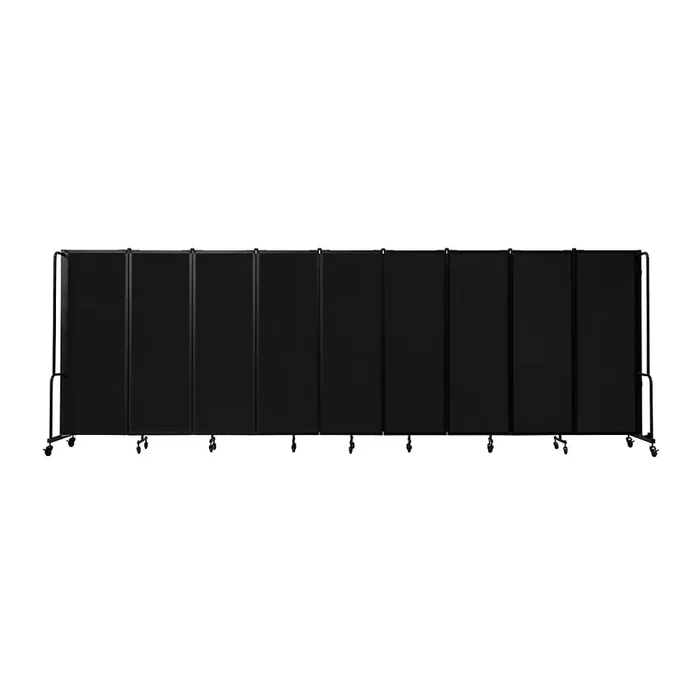 National Public Seating RDX6-9PT10 Black 9-Section 6‘ Room Divider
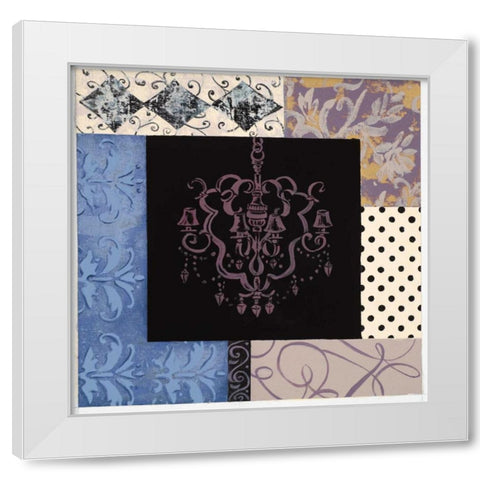 Chandelier III White Modern Wood Framed Art Print by Smith, Pamela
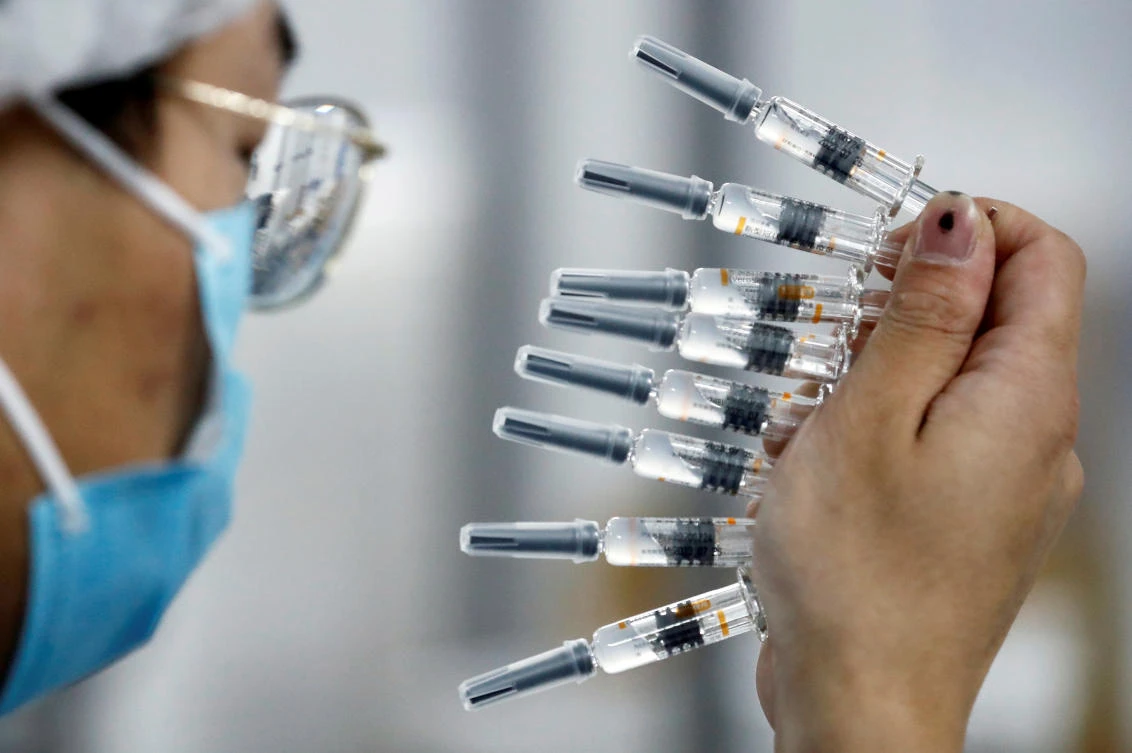 About 100,000 of the 600,000 Sinovac doses will be given to soldiers and the rest for medical workers. (Reuters)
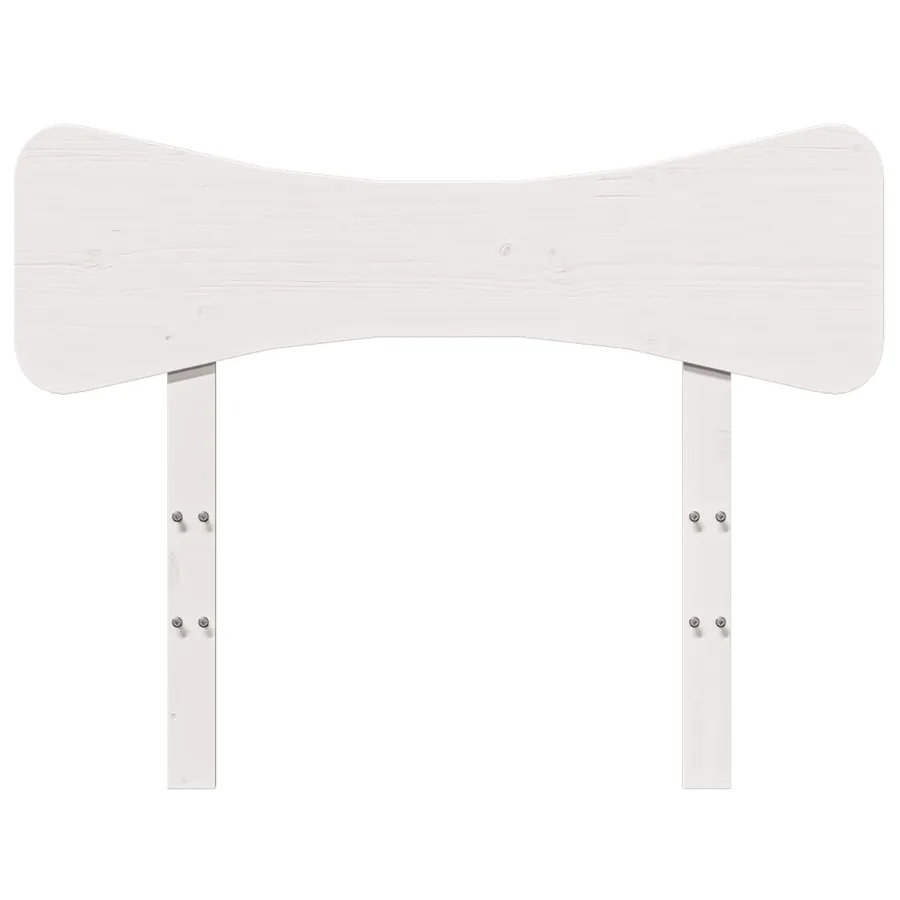 Tête de lit blanc 75 cm bois massif de pin - 4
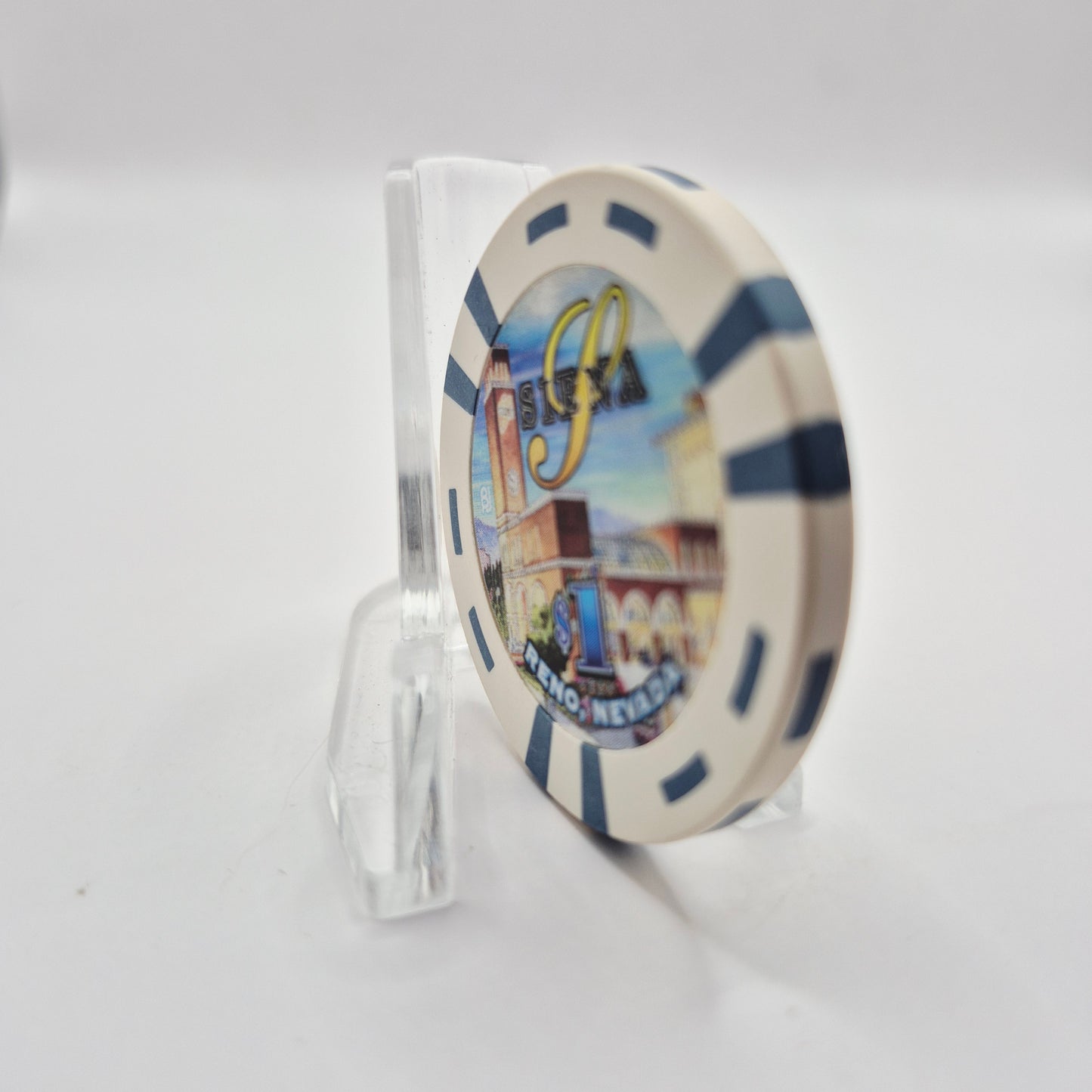 Siena Hotel Casino Reno Nevada 2001 $1 Casino Chip V9759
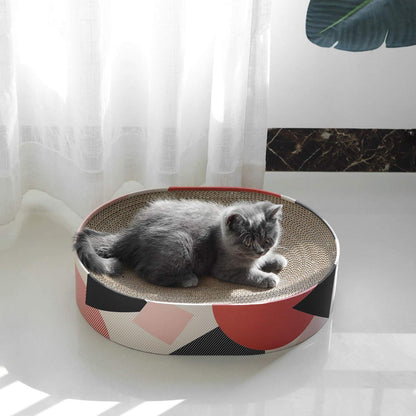 Kratzpappe Ovale Kratzmatte Katzen Kratzmöbel Wellpappe Kratzbrett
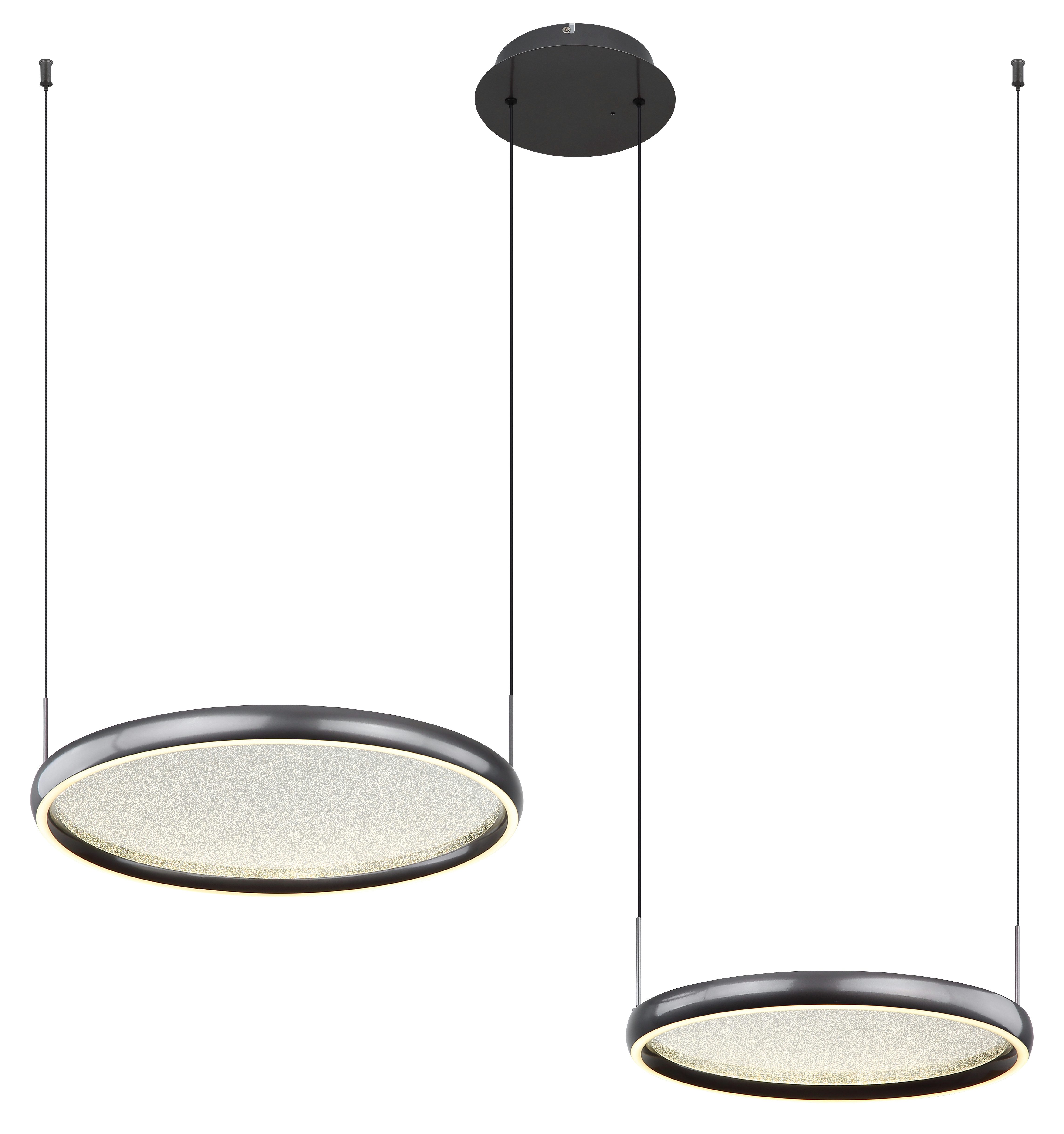 GLOBO LIGHTING Hängeleuchte BRIGGS, Dimmfunktion, Fernbedienung, Infrarot inkl., Memoryfunktion, Nachtlichtfunktion, mehrere Helligkeitsstufen, LED fest integriert, warmweiß - kaltweiß, Hängelampe Esszimmer-Leuchte Esstischleuchte Wohnzimmer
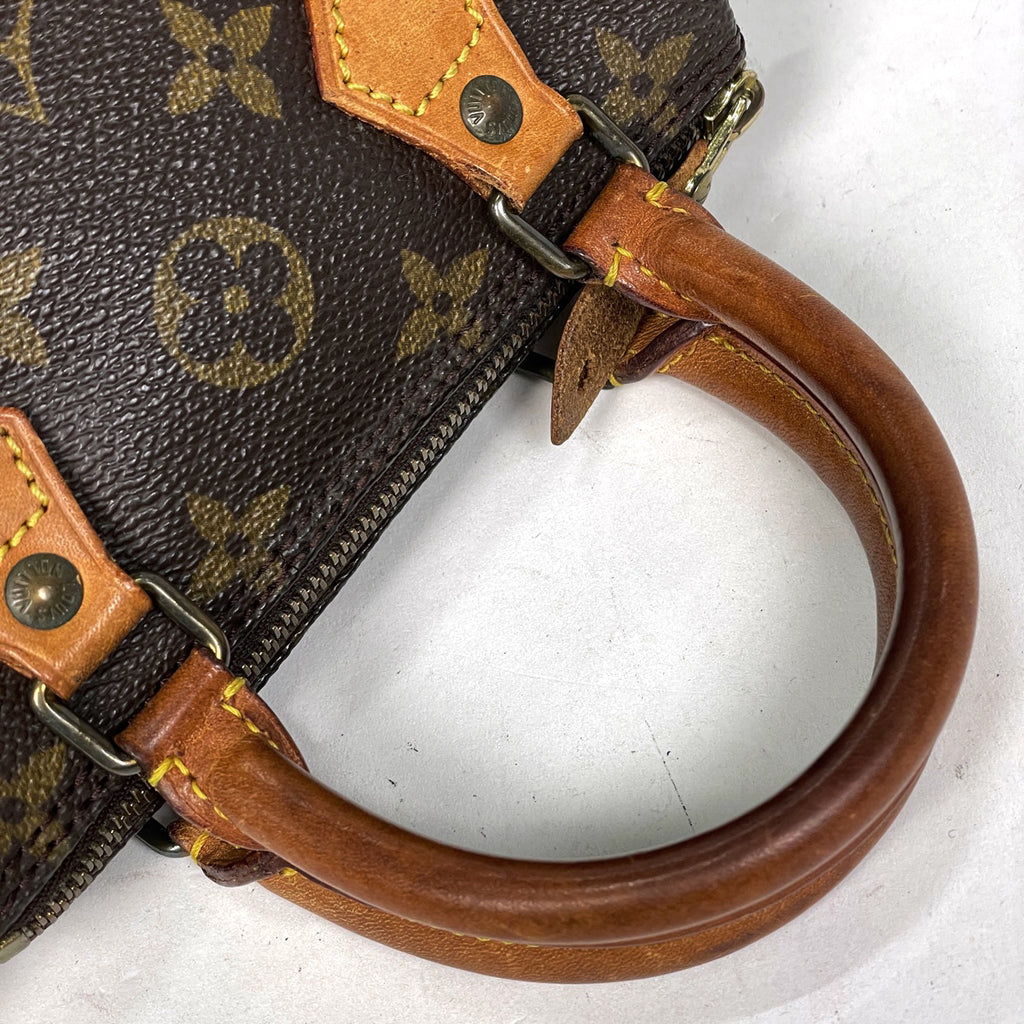 ルイ・ヴィトン ミニ スピーディ ショッピング 手提げ ハンドバッグ モノグラム ブラウン M41534 レディース 【中古】brbag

WHAT YOU NEED TO DO:
Please reproduce only the lines from the one holding "Chandelier III White" through the final line of the listing above, both included, with each picture left out.

RESPONSE TO THIS TASK:
 Chandelier III White Modern Wood Framed Art Print by Smith, Pamela
 About 100,000 of the 600,000 Sinovac doses will be given to soldiers and the rest for medical workers. (Reuters)
 Tête de lit blanc 75 cm bois massif de pin - 4
 Siena Hotel Casino Reno Nevada 2001 $1 Casino Chip V9759
 Kratzpappe Ovale Kratzmatte Katzen Kratzmöbel Wellpappe Kratzbrett
 GLOBO LIGHTING Hängeleuchte BRIGGS, Dimmfunktion, Fernbedienung, Infrarot inkl., Memoryfunktion, Nachtlichtfunktion, mehrere Helligkeitsstufen, LED fest integriert, warmweiß - kaltweiß, Hängelampe Esszimmer-Leuchte Esstischleuchte Wohnzimmer
 ルイ・ヴィトン ミニ スピーディ ショッピング 手提げ ハンドバッグ モノグラム ブラウン M41534 レディース 【中古】brbag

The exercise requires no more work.